Problem:
Begin at the top of the records and copy each line exactly. The line containing "La Boulangere Brioche Bread 350g" is the last one to include.

Material for the task:
──────────────────────────────

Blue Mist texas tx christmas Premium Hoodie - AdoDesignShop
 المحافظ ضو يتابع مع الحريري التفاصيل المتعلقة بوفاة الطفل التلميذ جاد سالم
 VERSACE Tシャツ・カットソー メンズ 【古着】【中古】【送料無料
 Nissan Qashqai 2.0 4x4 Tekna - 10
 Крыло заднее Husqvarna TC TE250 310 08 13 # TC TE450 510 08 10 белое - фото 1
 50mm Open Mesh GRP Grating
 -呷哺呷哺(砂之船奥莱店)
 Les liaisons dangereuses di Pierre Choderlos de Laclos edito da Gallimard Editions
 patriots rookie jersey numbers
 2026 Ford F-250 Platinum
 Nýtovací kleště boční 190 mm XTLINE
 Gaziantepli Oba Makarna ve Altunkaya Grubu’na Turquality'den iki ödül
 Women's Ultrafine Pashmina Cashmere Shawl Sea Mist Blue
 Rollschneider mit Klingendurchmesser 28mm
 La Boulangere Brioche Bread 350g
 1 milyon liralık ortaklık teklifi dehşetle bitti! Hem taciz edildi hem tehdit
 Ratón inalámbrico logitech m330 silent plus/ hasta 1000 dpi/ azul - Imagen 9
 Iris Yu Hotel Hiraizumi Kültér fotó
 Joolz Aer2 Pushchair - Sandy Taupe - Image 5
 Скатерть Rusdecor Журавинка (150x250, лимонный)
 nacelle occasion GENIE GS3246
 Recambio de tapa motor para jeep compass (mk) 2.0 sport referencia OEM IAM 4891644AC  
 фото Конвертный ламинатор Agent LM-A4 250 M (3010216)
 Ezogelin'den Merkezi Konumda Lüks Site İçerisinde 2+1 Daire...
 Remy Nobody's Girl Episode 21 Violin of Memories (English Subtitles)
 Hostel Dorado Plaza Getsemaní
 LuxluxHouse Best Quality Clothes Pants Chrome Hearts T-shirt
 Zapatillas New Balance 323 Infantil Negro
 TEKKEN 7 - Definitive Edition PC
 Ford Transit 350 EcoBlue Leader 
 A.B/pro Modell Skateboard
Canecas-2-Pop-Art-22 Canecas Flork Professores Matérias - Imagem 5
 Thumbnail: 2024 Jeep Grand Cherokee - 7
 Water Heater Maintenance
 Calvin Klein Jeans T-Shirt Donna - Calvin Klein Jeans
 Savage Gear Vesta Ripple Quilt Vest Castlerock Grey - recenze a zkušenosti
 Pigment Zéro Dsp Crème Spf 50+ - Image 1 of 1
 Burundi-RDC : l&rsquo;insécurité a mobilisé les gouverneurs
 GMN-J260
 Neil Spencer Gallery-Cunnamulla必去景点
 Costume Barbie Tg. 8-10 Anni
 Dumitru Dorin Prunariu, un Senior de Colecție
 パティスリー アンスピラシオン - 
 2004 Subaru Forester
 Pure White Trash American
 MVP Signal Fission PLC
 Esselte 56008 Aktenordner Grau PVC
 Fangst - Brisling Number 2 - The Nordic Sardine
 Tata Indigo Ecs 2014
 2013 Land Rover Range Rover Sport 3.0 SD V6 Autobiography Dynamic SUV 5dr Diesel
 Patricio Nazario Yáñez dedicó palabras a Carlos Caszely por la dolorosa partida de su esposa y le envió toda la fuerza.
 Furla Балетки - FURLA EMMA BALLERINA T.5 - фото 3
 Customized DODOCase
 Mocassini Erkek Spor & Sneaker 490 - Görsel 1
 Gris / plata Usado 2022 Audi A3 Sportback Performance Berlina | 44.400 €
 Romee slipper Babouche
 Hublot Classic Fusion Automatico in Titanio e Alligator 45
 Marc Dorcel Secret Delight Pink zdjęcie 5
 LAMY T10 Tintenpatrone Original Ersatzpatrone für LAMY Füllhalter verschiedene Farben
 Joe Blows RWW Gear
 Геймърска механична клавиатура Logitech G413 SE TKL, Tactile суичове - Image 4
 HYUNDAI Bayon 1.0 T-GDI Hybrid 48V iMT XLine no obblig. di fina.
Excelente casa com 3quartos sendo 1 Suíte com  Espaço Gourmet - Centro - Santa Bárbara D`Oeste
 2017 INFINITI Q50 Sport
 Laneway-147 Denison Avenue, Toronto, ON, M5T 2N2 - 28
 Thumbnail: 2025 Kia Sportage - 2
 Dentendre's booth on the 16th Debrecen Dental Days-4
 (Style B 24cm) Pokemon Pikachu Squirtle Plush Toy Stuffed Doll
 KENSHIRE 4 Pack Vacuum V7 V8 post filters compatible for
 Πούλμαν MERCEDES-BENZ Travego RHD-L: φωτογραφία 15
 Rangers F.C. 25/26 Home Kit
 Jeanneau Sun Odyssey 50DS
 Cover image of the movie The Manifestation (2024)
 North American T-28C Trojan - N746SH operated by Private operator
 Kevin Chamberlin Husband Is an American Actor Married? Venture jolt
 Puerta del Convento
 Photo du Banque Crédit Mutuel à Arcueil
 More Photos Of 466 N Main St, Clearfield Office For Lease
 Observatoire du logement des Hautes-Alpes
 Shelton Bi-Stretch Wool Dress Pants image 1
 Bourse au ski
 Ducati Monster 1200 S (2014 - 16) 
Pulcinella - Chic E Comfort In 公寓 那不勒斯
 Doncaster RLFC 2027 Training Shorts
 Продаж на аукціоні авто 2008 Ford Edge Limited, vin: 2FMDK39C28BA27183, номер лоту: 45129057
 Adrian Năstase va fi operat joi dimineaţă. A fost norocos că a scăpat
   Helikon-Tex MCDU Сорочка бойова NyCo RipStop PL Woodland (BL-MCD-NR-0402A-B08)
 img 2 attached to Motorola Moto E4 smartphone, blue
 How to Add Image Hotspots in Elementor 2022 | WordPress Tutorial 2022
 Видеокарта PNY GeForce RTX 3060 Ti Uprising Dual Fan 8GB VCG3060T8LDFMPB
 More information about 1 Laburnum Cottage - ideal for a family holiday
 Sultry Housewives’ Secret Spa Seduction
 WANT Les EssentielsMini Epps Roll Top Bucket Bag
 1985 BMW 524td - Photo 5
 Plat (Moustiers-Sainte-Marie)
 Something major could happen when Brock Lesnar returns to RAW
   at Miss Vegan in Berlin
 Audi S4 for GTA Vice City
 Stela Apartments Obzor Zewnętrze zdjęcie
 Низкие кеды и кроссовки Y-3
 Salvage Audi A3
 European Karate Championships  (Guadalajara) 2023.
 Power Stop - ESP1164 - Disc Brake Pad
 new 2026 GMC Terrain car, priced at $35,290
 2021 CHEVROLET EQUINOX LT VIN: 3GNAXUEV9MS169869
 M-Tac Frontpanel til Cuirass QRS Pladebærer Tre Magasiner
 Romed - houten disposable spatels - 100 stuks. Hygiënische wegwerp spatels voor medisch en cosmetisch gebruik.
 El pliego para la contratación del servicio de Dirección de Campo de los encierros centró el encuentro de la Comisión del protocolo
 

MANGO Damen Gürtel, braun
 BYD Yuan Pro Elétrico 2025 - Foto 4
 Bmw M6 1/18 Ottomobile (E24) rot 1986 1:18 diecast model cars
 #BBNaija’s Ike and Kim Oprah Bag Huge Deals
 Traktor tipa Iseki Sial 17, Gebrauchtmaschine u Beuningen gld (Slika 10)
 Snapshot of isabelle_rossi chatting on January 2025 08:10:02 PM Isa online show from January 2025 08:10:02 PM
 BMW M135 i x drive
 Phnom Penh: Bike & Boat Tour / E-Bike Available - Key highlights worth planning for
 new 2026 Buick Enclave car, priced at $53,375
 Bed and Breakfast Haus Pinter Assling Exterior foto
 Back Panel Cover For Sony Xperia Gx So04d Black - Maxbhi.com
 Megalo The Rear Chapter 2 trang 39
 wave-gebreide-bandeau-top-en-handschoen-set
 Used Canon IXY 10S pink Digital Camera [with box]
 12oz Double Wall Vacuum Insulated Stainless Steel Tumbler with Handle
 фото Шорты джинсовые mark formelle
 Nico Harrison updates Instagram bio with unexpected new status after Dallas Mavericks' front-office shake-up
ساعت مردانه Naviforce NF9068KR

──────────────────────────────

Answer for the task:
Blue Mist texas tx christmas Premium Hoodie - AdoDesignShop
 المحافظ ضو يتابع مع الحريري التفاصيل المتعلقة بوفاة الطفل التلميذ جاد سالم
 VERSACE Tシャツ・カットソー メンズ 【古着】【中古】【送料無料
 Nissan Qashqai 2.0 4x4 Tekna - 10
 Крыло заднее Husqvarna TC TE250 310 08 13 # TC TE450 510 08 10 белое - фото 1
 50mm Open Mesh GRP Grating
 -呷哺呷哺(砂之船奥莱店)
 Les liaisons dangereuses di Pierre Choderlos de Laclos edito da Gallimard Editions
 patriots rookie jersey numbers
 2026 Ford F-250 Platinum
 Nýtovací kleště boční 190 mm XTLINE
 Gaziantepli Oba Makarna ve Altunkaya Grubu’na Turquality'den iki ödül
 Women's Ultrafine Pashmina Cashmere Shawl Sea Mist Blue
 Rollschneider mit Klingendurchmesser 28mm
 La Boulangere Brioche Bread 350g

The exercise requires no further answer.